===== Provided material =====

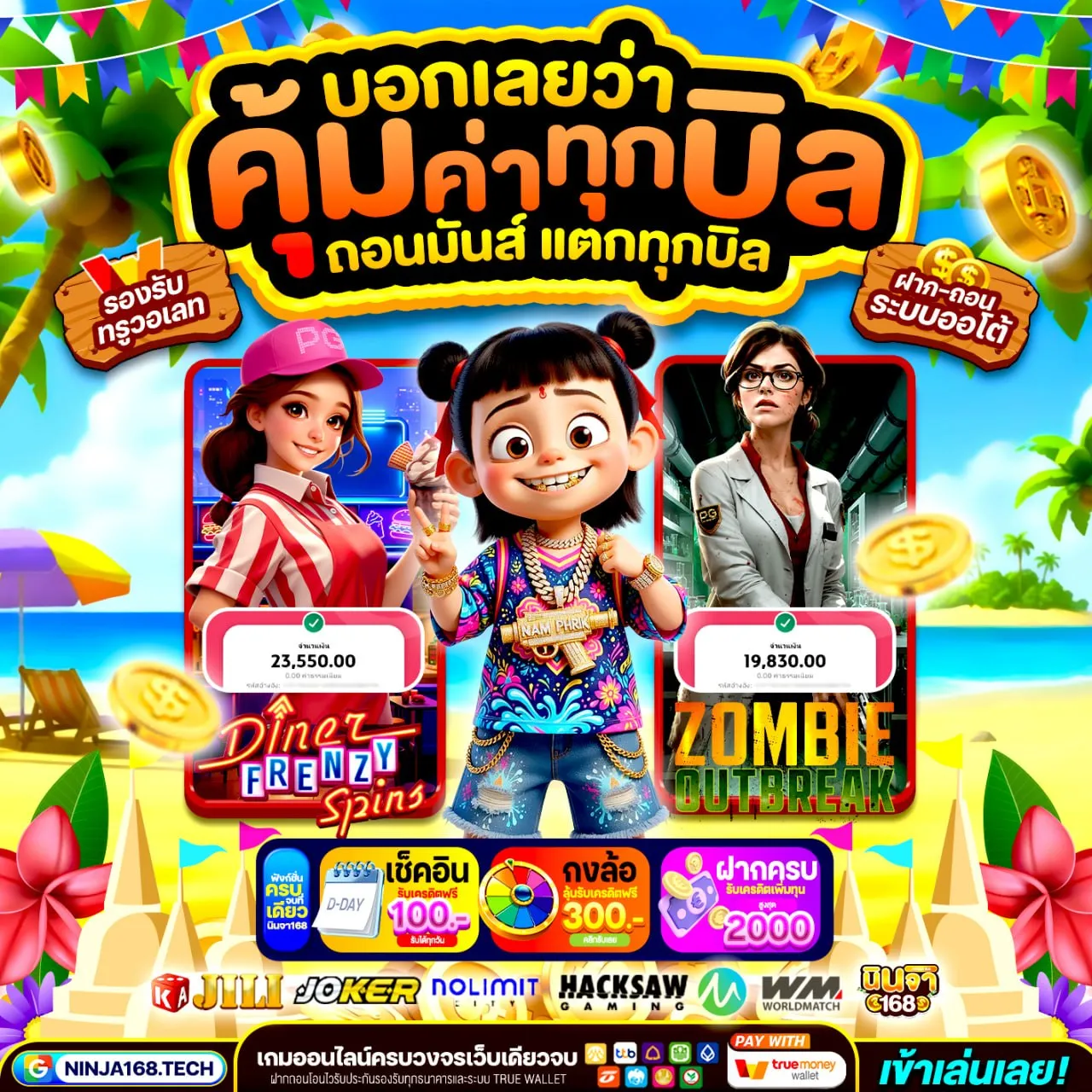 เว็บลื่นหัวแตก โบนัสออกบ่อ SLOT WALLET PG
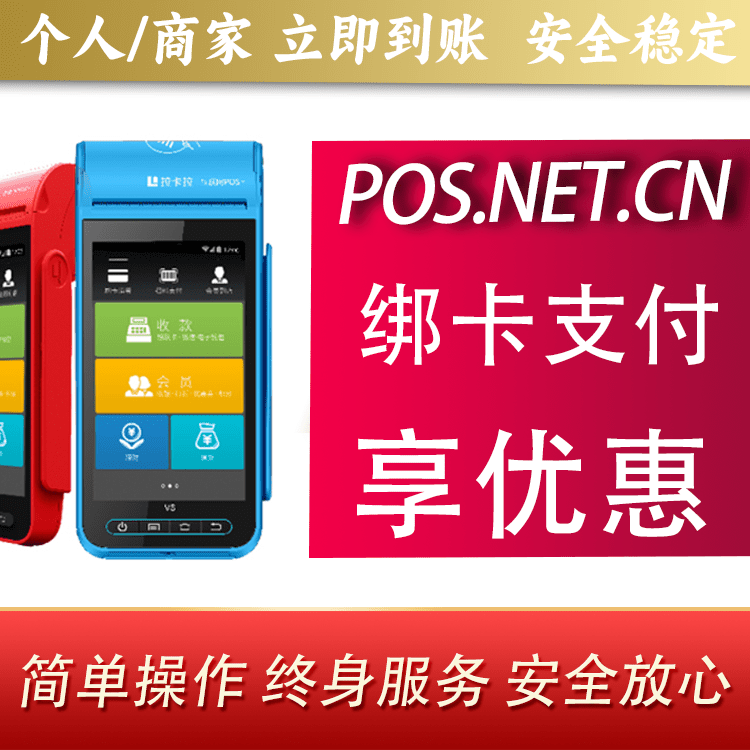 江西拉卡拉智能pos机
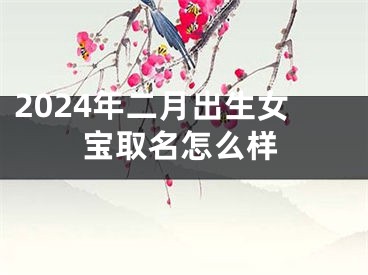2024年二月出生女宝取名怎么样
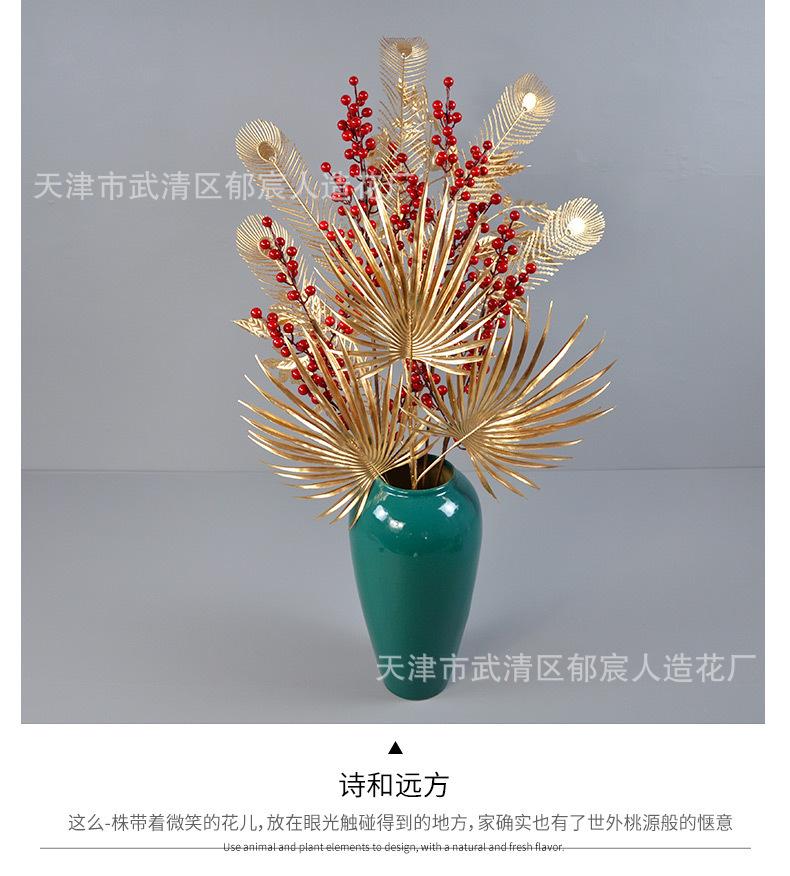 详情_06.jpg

=====

» **Work instruction**
Give back the material word for word, leaving out its pictures.

» **Answer below**
 เว็บลื่นหัวแตก โบนัสออกบ่อ SLOT WALLET PG
 江西拉卡拉智能pos机
2024年二月出生女宝取名怎么样
 详情_06.jpg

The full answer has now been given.